Новаторские задачи национального возрождения русской музыки мало его привлекали. В то время он склонен был недооценивать даже творчество Глинки, а к смелым начинаниям балакиревского содружества относился крайне скептически: дерзкие затеи дилетантов! Все это обостряло вражду. Упорно проводя свою линию, Рубинштейн подвергался резким нападкам и со стороны Серова, и со стороны ба-лакиревцев (в кружке он именовался тогда то «Тупинштейном», то «Грубинштейном», то другими презрительными кличками).
И все же не Рубинштейн был главным противником нового движения (последующие события подтвердили это). Реакционная чиновничья знать, во главе с «августейшей покровительницей муз», княгиней Еленой Павловной, фактически вершившая судьбами Русского музыкального общества и консерватории, попыталась использовать в своих целях авторитет и влияние крупного артиста-музыканта.

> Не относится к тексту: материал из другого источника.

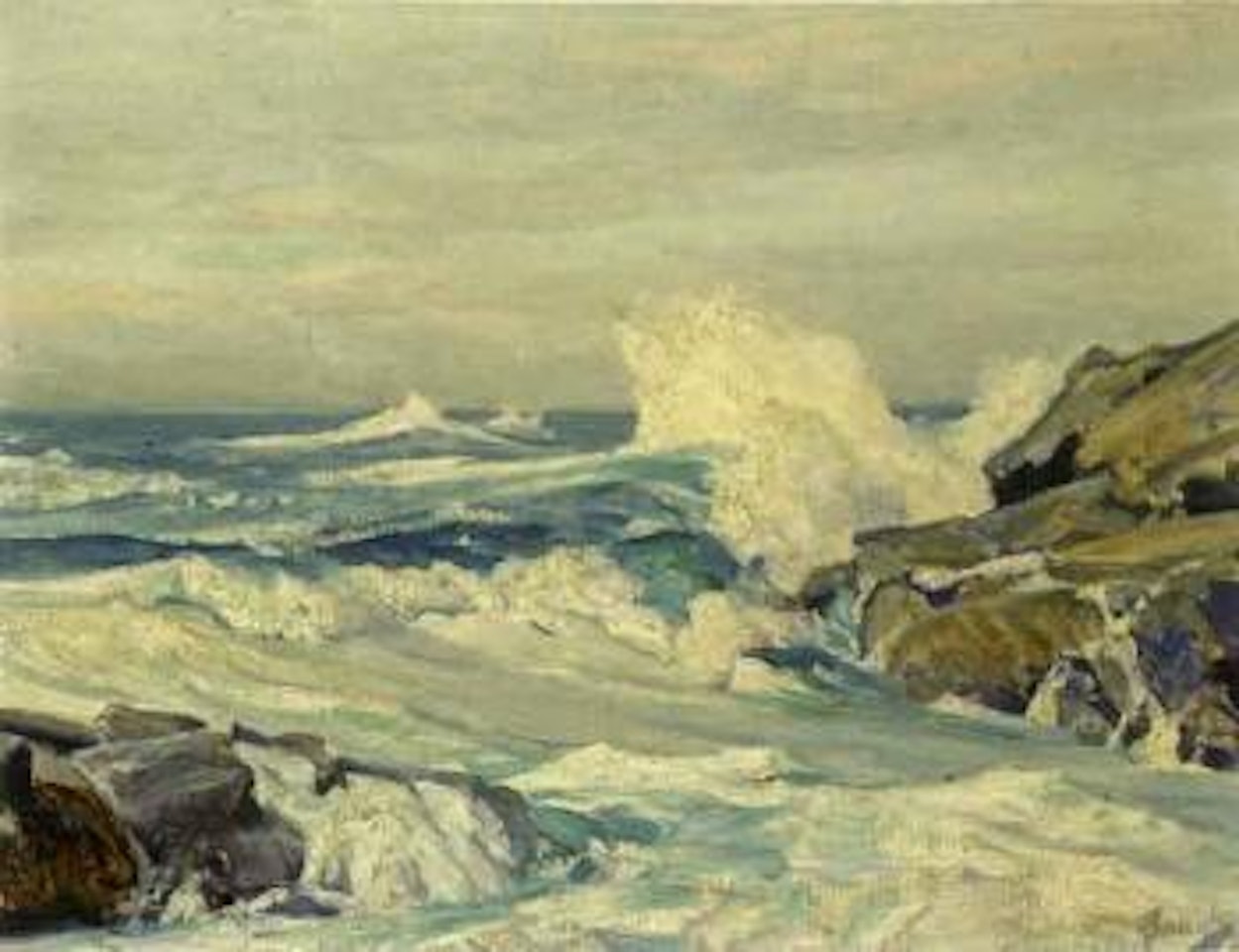 Crashing waves along a rocky coast by Frederick Judd Waugh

Однако стремления Рубинштейна — и именно потому, что он был взыскательный артист-музыкант («отменный художник»,— сказал о нем Мусоргский),— мало соответствовали целям сановного руководства да к тому же не встречали сочувствия среди значительной части консерваторской профессуры, раболепствовавшей перед сильными мира сего. И тут сказалась двойственность Рубинштейна: он хотел быть самостоятельным, опираясь на поддержку... «высоких покровителей». Но когда, проявляя самостоятельность, он попробовал не допустить их вмешательства в дела консерватории, его милостиво (т. е. по собственному желанию) освободили от Русского музыкального общества и от консерватории, директором которой назначен был (в 1867 г.) послушный Н. Заремба...
По странной иронии судьбы тогда же за дирижерским пультом в концертах Русского музыкального общества появился Балакирев. Борьба приняла неожиданный оборот. Балакирев, заменив Рубинштейна, овладел весьма важной позицией, но оказался вместе с... Зарембой под крылом Русского музыкального общества. Принимая это предложение, он поступал непоследовательно, однако смело; «высокое ведомство» княгини Елены Павловны, приглашая Балакирева, действовало расчетливо, однако неосторожно.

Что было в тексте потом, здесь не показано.